# How many zebra danios?



## The Hinn

How many zebra danios can live happily in a 10 gallon aquarium? Post please.


----------



## RockabillyChick

none. they are schooling fish, need to be in groups of 6 or more, and while technically you can put that many in a 10 gallon, they will not have enough room to swim. they are very spastic, hyper little fish and need a lot of room to swim


----------



## kristian18f

A school is technically 3, but 6 or more is best. I have 4 in my 10gal, and they seem fine.


----------



## Chazwick

I think you could happily have 4/5 in a 10gallon


----------



## The Hinn

thanks for the imput


----------



## Magdelaine

I had four and I thought they were quite happy, then one died.  With three, they got even more spastic about chasing each other and nipped fins became an issue (they are long-finned).
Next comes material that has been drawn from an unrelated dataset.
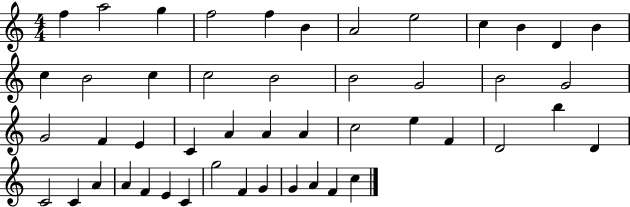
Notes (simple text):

F5/q A5/h G5/q F5/h F5/q B4/q A4/h E5/h C5/q B4/q D4/q B4/q C5/q B4/h C5/q C5/h B4/h B4/h G4/h B4/h G4/h G4/h F4/q E4/q C4/q A4/q A4/q A4/q C5/h E5/q F4/q D4/h B5/q D4/q C4/h C4/q A4/q A4/q F4/q E4/q C4/q G5/h F4/q G4/q G4/q A4/q F4/q C5/q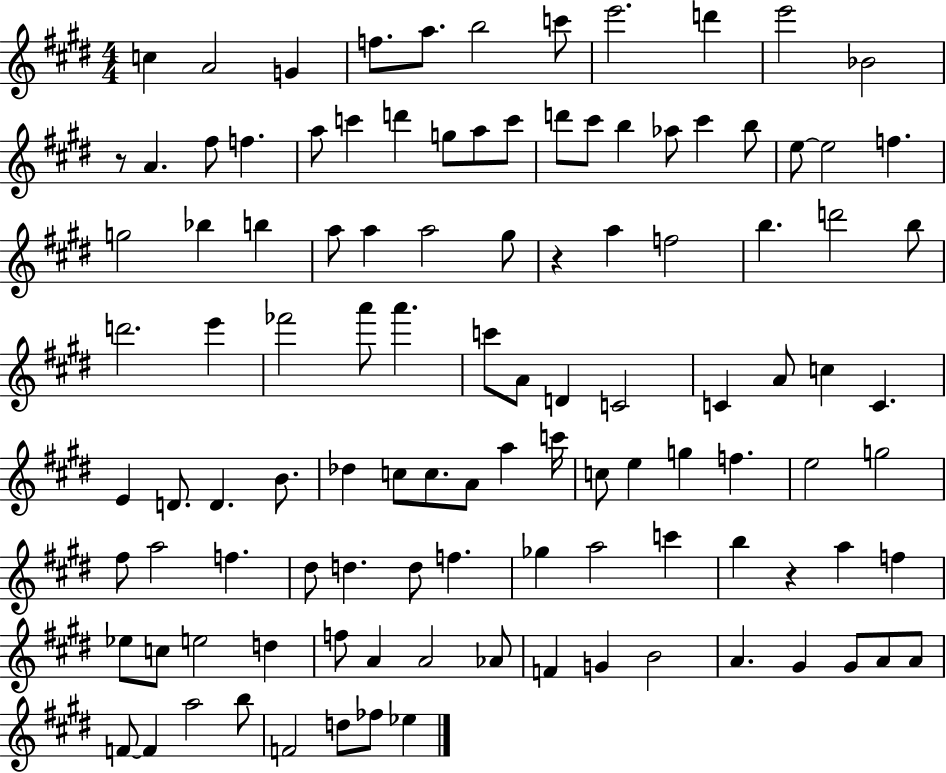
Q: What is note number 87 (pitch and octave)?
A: D5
Now that I've moved them to a 29 gallon they have enough room to get away from one another and nipped fins are growing back. I would have to say now that a 10 gallon _is_ too small for these fish, but if you've already got some keep no less than four.


----------



## Damon

There is no magic number to be classified as a school.


----------



## kristian18f

My long finned zebras seem more agressive than the others as well. It also seems like my long finned guy doesn't school with the others. Stick to one type, and defentally if you have other fish with long fins, get the short finned danios.


----------



## ron v

Long finned zebra probably can't keep up with the others. Aggression may be from frustration. Still a schooling fish with no one to school with.


----------



## Magdelaine

my lf danios do not bother my fancy guppy male at all, they only chase each other. I think they started going crazy because of the combo small number/small size tank. Now they are doing much better. I really prefer the lf type to the regular, short finned guys.


----------